Sztywno trzymali się z dala od siebie. Większość szła z rękami przy ciele, natomiast Meghan miała lekko spuszczoną głowę, lekko przymrużone oczy i ręce bardziej z przodu, co jest gestem ochronnym w przypadku uczucia dyskomfortu bądź niepewności - ogłasza Katia.
Twierdzi też, że ruchy Sussexów wskazywały na poczucie "smutku i poczucia straty" po śmierci królowej. Z kolei po reakcjach ciał Williama i Harry'ego wnioskuje, że "powstrzymywali łzy", aby publicznie nie okazać słabości.
Mieli zaciśnięte usta, obniżone brwi, lekko opadające powieki. Częściej też mrugali i przełykali ślinę - zauważyła.
Dalsza część artykułu pod materiałem wideo
Internauci dla odmiany chwalą Meghan Markle
Ostatecznie to nie wnuki królowej zostały sfotografowane ze łzami spływającymi po policzkach, a właśnie Meghan. Tu zdania są jednak podzielone - jedni uważają, że jest to jedynie gra aktorska, aby okazać zażyłość i szacunek w stosunku do królowej, inni z kolei twierdzą, że był to szczery i niewymuszony gest.
Co ciekawe, część internautów podzieliła się nawet spostrzeżeniem, że Meghan jako jedyna uroniła łzę podczas pogrzebu, najwyraźniej wbijając szpilę pozostałym royalsom, którzy mieliby być mocniej zżyci z monarchinią.
Meghan jako jedyna płakała po królowej... To idealne podsumowanie - napisała wymownie jedna z twitterowiczek.
Sprawą zainteresował się portal Daily Mail, który nazywa sprawę "teorią spiskową" i wskazuje, że pozostali członkowie słynnej rodziny również okazywali emocje podczas pożegnania królowej.
Fani Meghan Markle podzielili internautów po tym, jak stwierdzili, że była jedyną, która uroniła łzy na pogrzebie królowej. Mimo że inni ewidentnie mieli łzy w oczach - wyrokuje serwis.
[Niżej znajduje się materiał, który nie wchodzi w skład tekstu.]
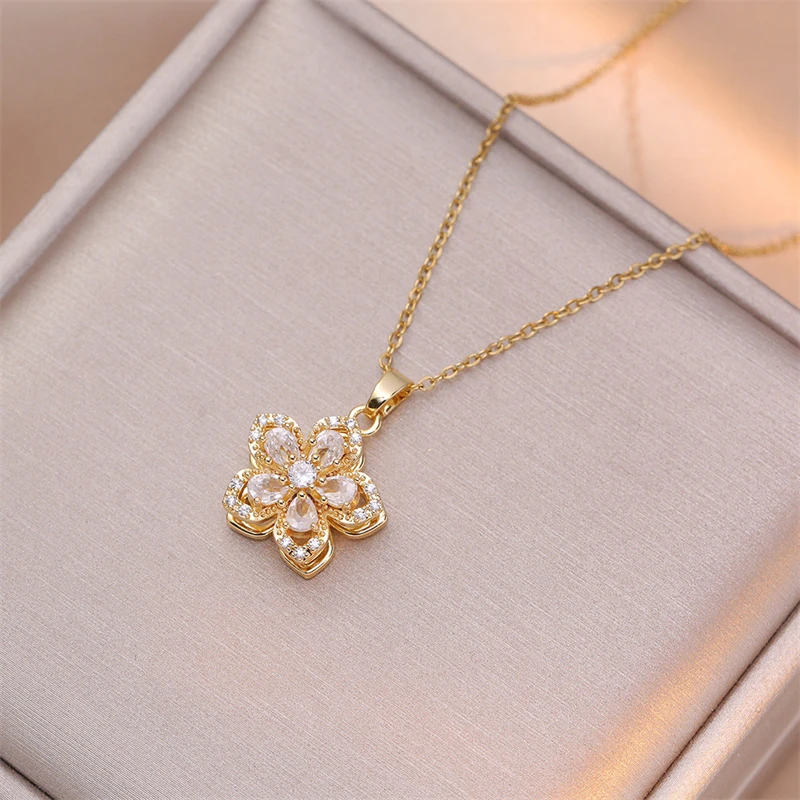 Elegant Rotatable Flower Necklace
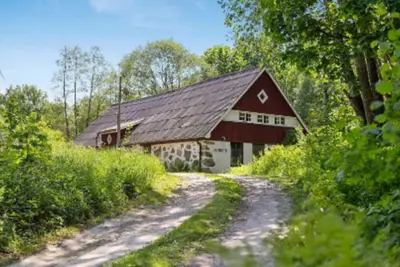 Image de 19th century house near the lake in a forest environment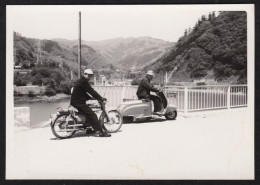 Jolie Photographie JAPON, Hommes Sur Mobylette Et Scooter, Années 60, Beau Tirage Original 9 X 6,3 Cm - Cars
Na zdjęciach z pogrzebu faktycznie można znaleźć momenty, w których widać, jak pozostali członkowie rodziny królewskiej zakrywają twarz w znaczących gestach. Na chwilę słabości pozwolili sobie m.in. Camilla czy Harry, co uwiecznili fotoreporterzy. Natomiast to, czy gest Meghan był szczery, pozostawiamy do oceny Wam samym.